## Assigned task
The entries below contain pictures. Write out only the lines from the line with "perkembangbiakkan hewan смотреть онлайн" up to and including the line with "Cidomo on Gili Trawangan", exactly, without them.

## Raw data
•••••

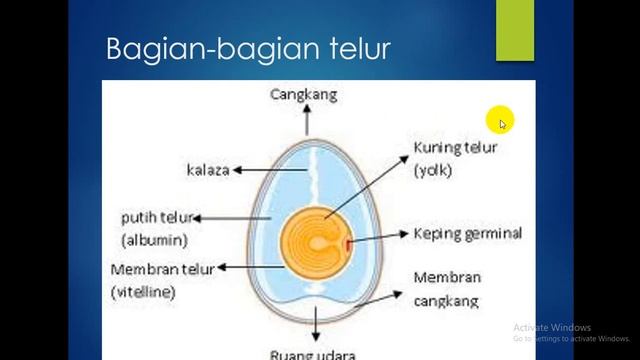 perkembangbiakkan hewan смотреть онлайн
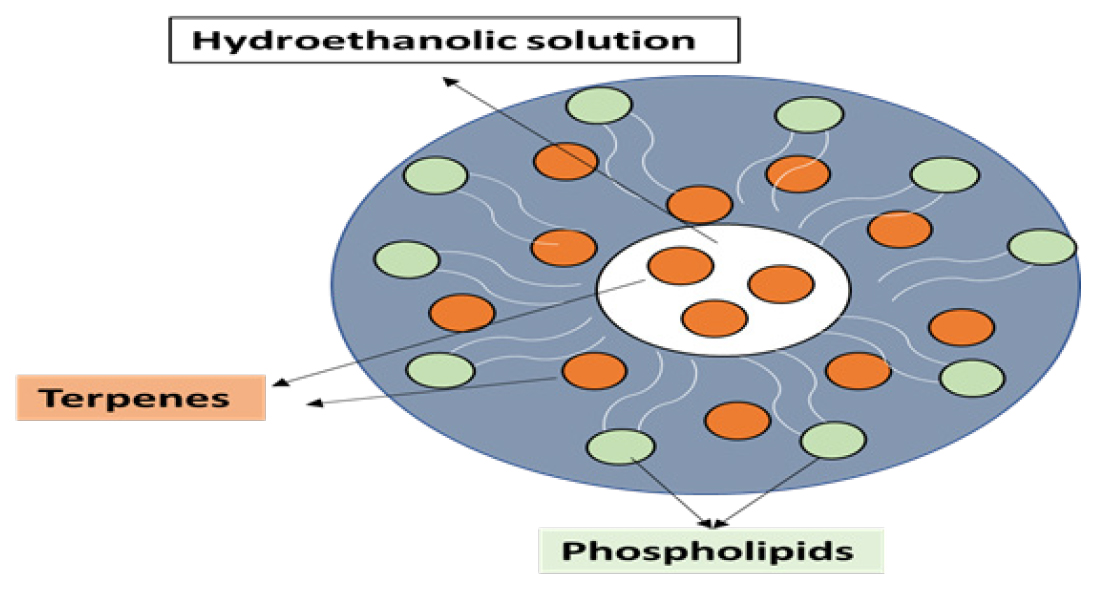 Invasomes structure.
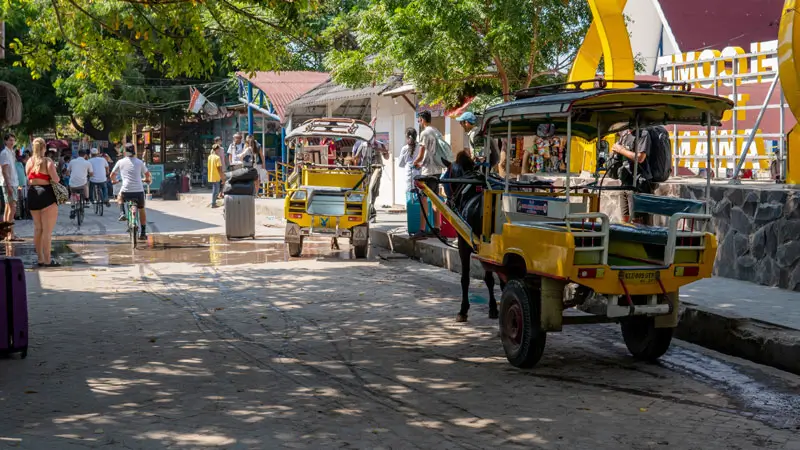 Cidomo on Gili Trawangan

•••••

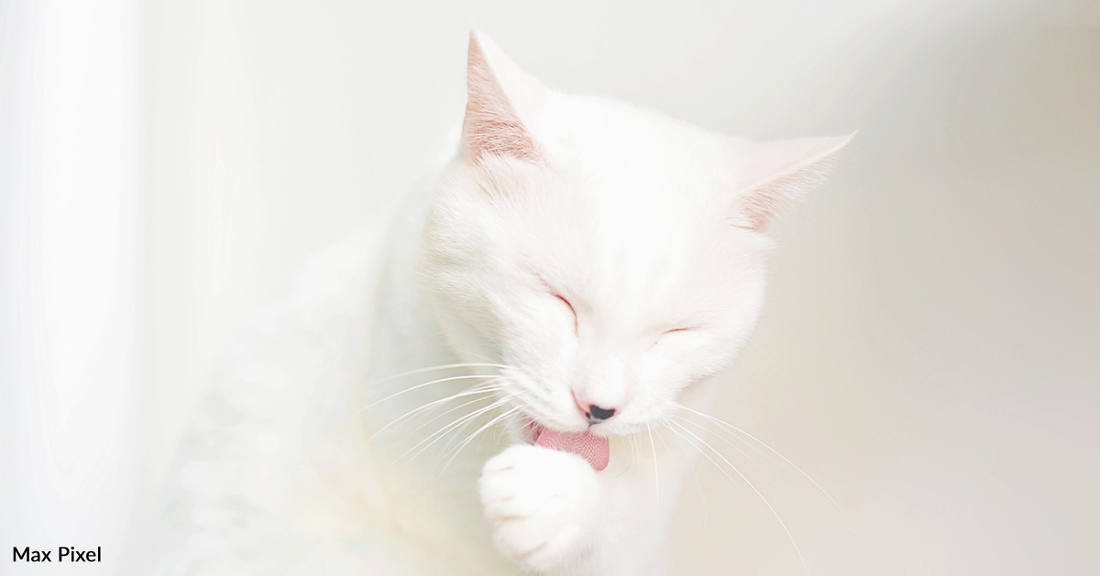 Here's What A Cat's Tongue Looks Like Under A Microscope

•••••

## Solution
 perkembangbiakkan hewan смотреть онлайн
 Invasomes structure.
 Cidomo on Gili Trawangan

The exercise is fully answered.